There’s some really, really great work insight here. And what’s frustrating is that, unfortunately, when you google Barbra Streisand right now, this is not what’s being discussed. Most of the headlines, if not all of the headlines, are about how she cloned her dog, that two of her three dogs are clones of the “original” dog, Samantha. Do I think it’s weird? Sure. Do I think Barbra Streisand cloning her dogs (it’s not exactly affordable) has the real world impact and relatability that some of the other things she brings up might have on our current reality? Not at all. Cloning pets could present some serious and frightening situations … in the future. Right now, though, the fact that she was the victim of male mutiny on one of her sets is a pretty f-cking immediate issue. 

Here’s what happened:
Streisand’s decision to transition into directing movies paved the way for other A-list actresses — Jodie Foster, Angelina Jolie and Natalie Portman — to do the same. It wasn’t so easy in her time. Streisand recalls that on the set of “Yentl,” which took 14 years to make, she was greeted with open arms by her overseas crew. “Europe had a queen,” she says. “Europe had a woman prime minister. They totally respected me, accepted me, as a first-time director.”
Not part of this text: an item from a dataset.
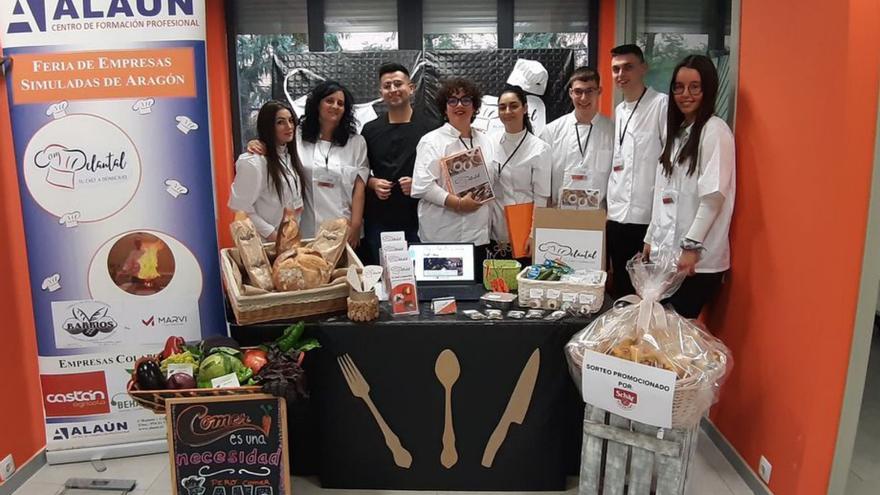 El Centro Alaún, premiado en la feria de empresas simuladas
The experience was drastically different on her second movie, “The Prince of Tides,” which was shot in the United States. She recalls how one day, she told her co-star Nick Nolte that he couldn’t change the words in his scene. “When I cut, they have to match,” she told him. “And he said, ‘No, no, you don’t see my mouth from over there.’ He starts talking to the camera guy. And he says, ‘You don’t see my mouth moving, do you?’ The guy says no. I have my monitor right over there. I look back, and of course you can see his mouth. I go over to the camera operator, and I say, ‘Why did you just lie to him?’ He says, ‘It’s the boys’ club.’ Can you imagine? They were protecting him.”

Another memory of that shoot still bothers her. She wanted everyone to stay a little late, because Nolte was in a head space where she thought he could nail a scene that called for his character to be tired. But the camera operator and the crew banded together and told her they wanted to go home. Nolte took their side (although he called her later that night to apologize). “So I had to walk off the set. It would have literally taken 10 minutes, but they were f-cking with me.” The next morning, Nolte needed 17 takes to get it right, because he was too rested. “Today I wouldn’t ask the question,” Streisand says. “I would tell them. And if you don’t want to do it, don’t bother to come back to work tomorrow. I wouldn’t be afraid of that. But then, I was afraid of it.”
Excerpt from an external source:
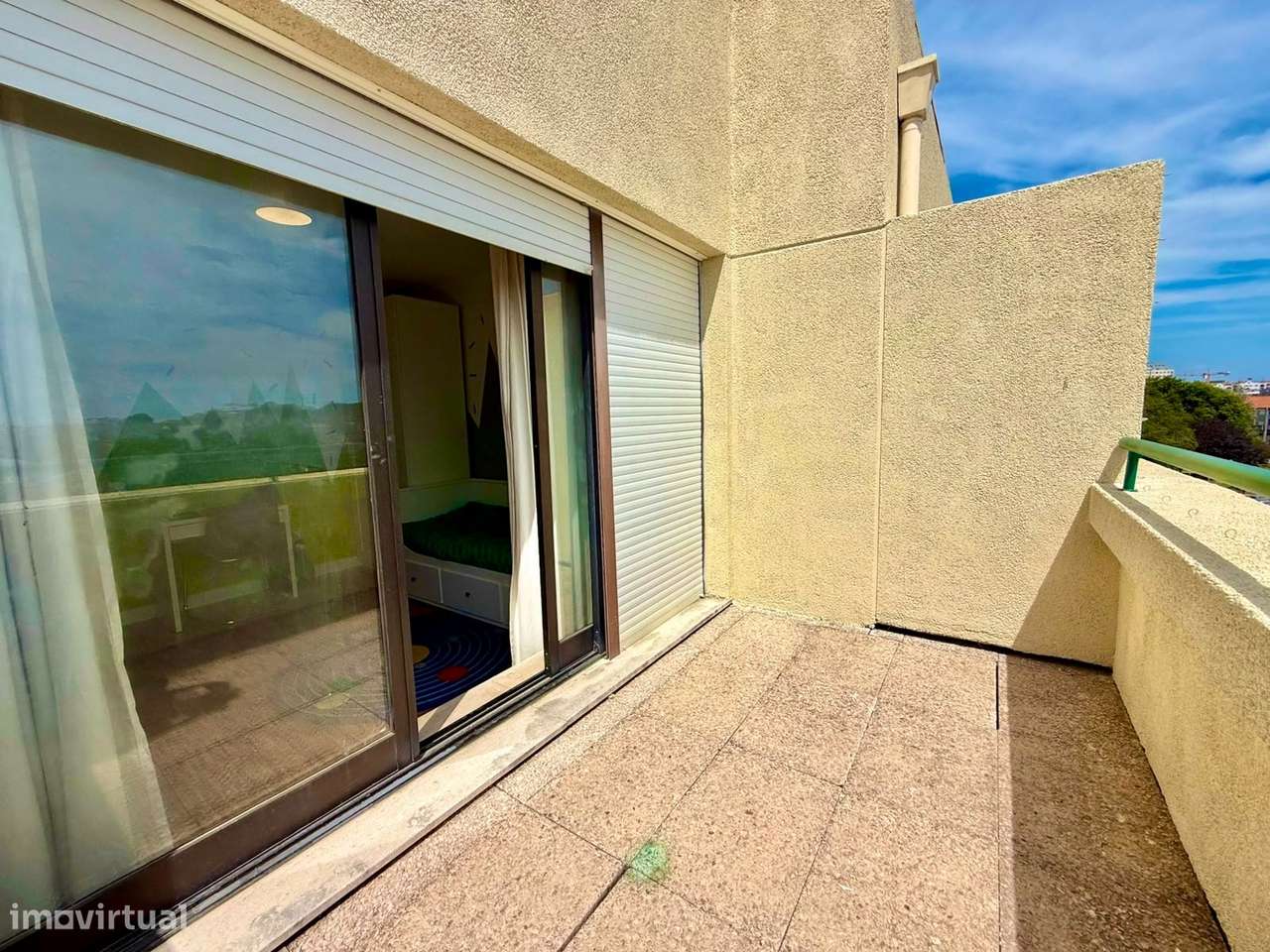 Apartamento T2 MOBILADO, no último piso, em Soares dos Reis!-25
“They were f-cking with me.” She’s Barbra Streisand. By that point in her career, she was already a LEGEND. And now she was directing her second movie. And her lead actor and her crew decided that they would decide what kind of shots could and couldn’t be done and when to go home. It’s outrageous. It should be more f-cking outrageous than her cloning her dog. 

And what’s sh-tty about that is that it doesn’t feel outrageous because it probably happens all the time, in all kinds of industries. Every day Duana and I are getting emails from women in law, accounting, medicine, retail, tech, etc, who experience exactly what Barbra Streisand experienced: having the title but not the influence to get sh-t done because the people, the men, who are less qualified than they are, “band together” and override them. I’m sure some of you are already emailing us about it now after reading this? 

What are the consequences? Well, on top of all the regular work that has to be done, if you find yourself in this position, you then have to spend more time addressing it, coming up with a way in the next meeting or the next presentation to make sure your management is not compromised. And that directly affects productivity. 

Also, what kind of an asshole keeps changing the words in the script and refuses to stick to the words in the script when he’s told BY HIS DIRECTOR that for very technical reasons, LIKE CONTINUITY, he needs to stick to the words in the goddamn script!?!?! 

Read Barbra’s full interview with Variety, and all the other things she says not related to her cloned dogs, here, including another anecdote about how she would deliberately bury the credit for herself in the films she directed because she doesn’t want people to see her name at the beginning. So instead of seeing “directed by Barbra Streisand” in the opening credits, that would only appear at the end. 

"Literature cannot be the business of a woman's life."

This is the feedback Charlotte Bronte received early on when she submitted a selection of her writing to poet laureate Robert Southey. She and her sisters wrote under pen names (men’s names) at the beginning of their careers. It was the only way they could get noticed.